My mind raced. I knew two things: We needed to get moving, and we needed to find sunlight. I figured that, if we hiked, we might not be in the sun till we reached the top of the Pinnacles Trail switchbacks, still a couple of miles away. I devised a compromise. What if we hiked to the rim of the Chisos (where the sunlight would be), attempted our Emory Peak summit hike and came back to camp by afternoon? Roger and Kent could stay in a hotel, and we could meet up the next day and still hike to our third-night campsite at Laguna Meadows. From Laguna Meadows, we could — here’s the important part — make it to the South Rim.

They agreed. Anything sounded better than standing around the campsite in the freezing cold. Whew — quest intact.

Getting moving helped warm us up, and finally, on one of the switchbacks, we found the sun. That ball of fire was never more welcome. Once we reached the rim, we basked in the sunlight.

Hiking to the summit of Emory Peak seemed as if it might even be fun. We were feeling good, and we made it to the top of the peak, the highest point in the Chisos Mountains, giving us a commanding view of the national park.

After Roger and Kent left, Lou and I stayed and camped for the night. After bundling up for the cold, we shared amazement over the incredible stars that filled the sky, and we watched Orion slowly rise over the horizon.

We met some nearby campers who mentioned that they had gone to the South Rim the previous day at sunset, when the colors and textures took on a special quality.

We could do that, I thought. Hey, my quest just got an upgrade. 


 Russell Roe | TPWD

Roger Roe and Kent Cook at the summit of Emory Peak

The South Rim

We hiked the next morning to
our agreed-upon spot and met Roger
and Kent.

“Good morning, Star-shine,” Roger sang, using hand gestures as he belted out a song from the musical Hair. “The Earth says hello.”

I guessed he was feeling better.

The hike up to Laguna Meadows was grueling but beautiful. We needed only a two-day supply of water at that point, and Roger and Kent brought more clothing to stay warm.

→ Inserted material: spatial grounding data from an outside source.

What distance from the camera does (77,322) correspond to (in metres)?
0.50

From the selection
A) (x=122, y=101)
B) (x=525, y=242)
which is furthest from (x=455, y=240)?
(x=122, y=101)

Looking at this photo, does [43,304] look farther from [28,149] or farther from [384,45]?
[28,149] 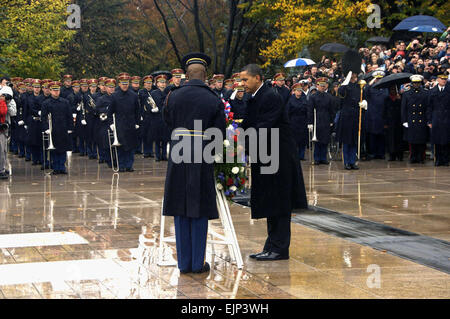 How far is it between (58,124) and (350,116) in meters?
7.01

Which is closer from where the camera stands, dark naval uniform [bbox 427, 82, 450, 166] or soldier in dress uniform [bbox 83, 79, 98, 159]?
dark naval uniform [bbox 427, 82, 450, 166]

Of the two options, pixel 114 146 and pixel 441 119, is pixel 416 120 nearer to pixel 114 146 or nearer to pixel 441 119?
pixel 441 119

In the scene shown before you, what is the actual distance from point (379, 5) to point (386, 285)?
25.7m

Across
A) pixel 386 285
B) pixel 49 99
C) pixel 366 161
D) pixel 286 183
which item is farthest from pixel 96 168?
pixel 386 285

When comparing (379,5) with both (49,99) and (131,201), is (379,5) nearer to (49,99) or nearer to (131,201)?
(49,99)

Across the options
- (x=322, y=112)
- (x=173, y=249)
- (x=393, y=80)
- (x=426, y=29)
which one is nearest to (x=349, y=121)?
(x=322, y=112)

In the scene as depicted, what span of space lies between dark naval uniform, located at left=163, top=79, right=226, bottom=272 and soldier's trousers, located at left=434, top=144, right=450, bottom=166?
1316 centimetres

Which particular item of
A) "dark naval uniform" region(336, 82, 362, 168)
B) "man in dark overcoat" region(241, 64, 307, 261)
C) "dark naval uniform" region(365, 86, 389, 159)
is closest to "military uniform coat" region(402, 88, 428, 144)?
"dark naval uniform" region(365, 86, 389, 159)

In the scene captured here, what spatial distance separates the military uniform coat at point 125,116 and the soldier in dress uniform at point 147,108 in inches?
126

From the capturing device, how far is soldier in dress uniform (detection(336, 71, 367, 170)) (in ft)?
67.0

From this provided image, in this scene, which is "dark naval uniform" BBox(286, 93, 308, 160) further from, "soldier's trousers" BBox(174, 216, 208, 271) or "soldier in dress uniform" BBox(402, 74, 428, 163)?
"soldier's trousers" BBox(174, 216, 208, 271)

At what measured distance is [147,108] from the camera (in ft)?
80.1

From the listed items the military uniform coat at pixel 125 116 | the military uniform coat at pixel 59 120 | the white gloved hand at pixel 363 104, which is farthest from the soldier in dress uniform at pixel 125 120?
the white gloved hand at pixel 363 104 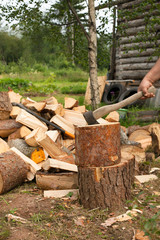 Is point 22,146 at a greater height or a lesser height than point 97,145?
lesser

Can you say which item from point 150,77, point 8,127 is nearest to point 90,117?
point 150,77

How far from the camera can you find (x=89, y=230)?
2.16 metres

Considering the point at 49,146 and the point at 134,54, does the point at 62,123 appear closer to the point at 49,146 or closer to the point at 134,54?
the point at 49,146

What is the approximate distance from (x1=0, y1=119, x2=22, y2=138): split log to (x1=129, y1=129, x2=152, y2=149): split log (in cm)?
200

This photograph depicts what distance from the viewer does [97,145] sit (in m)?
2.43

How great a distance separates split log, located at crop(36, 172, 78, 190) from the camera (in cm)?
296

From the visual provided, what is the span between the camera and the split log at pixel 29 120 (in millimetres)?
3834

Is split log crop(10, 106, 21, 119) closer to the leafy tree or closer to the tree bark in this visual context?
the tree bark

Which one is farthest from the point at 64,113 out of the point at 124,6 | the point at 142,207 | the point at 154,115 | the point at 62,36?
the point at 124,6

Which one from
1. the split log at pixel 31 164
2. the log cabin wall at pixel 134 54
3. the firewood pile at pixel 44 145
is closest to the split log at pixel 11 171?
the firewood pile at pixel 44 145

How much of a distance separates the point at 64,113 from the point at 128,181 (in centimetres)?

There was plenty of sunshine in Laguna Meadows, and the desperate times of the previous day started to fade.

We decided we had time to nap in our tents before embarking on the afternoon hike to the South Rim. I love a good camping nap, and ours meant we were well-rested for the hike — another upgrade for the quest.

The South Rim was about three miles away, and I savored the anticipation on the hike.

We arrived about an hour before sunset. All of a sudden, there it was — the South Rim. We marveled at the wide-open views, the subtle colors of the desert and the beauty of the hills and mesas. We could see the mountains of Mexico in the distance and spent time trying to figure out where the different canyons of the Rio Grande might be.

Lou pointed out how the mountains acted as a “sky island,” providing enough moisture and cool weather to support pine trees and fir trees, in contrast to the scrubby desert below. The sun was setting and painting the desert in rich tones and shadows. The sheer cliffs provided a balcony seat to what looked like the edge of the world.

Quest complete.

Russell Roe is the managing editor of Texas Parks & Wildlife magazine.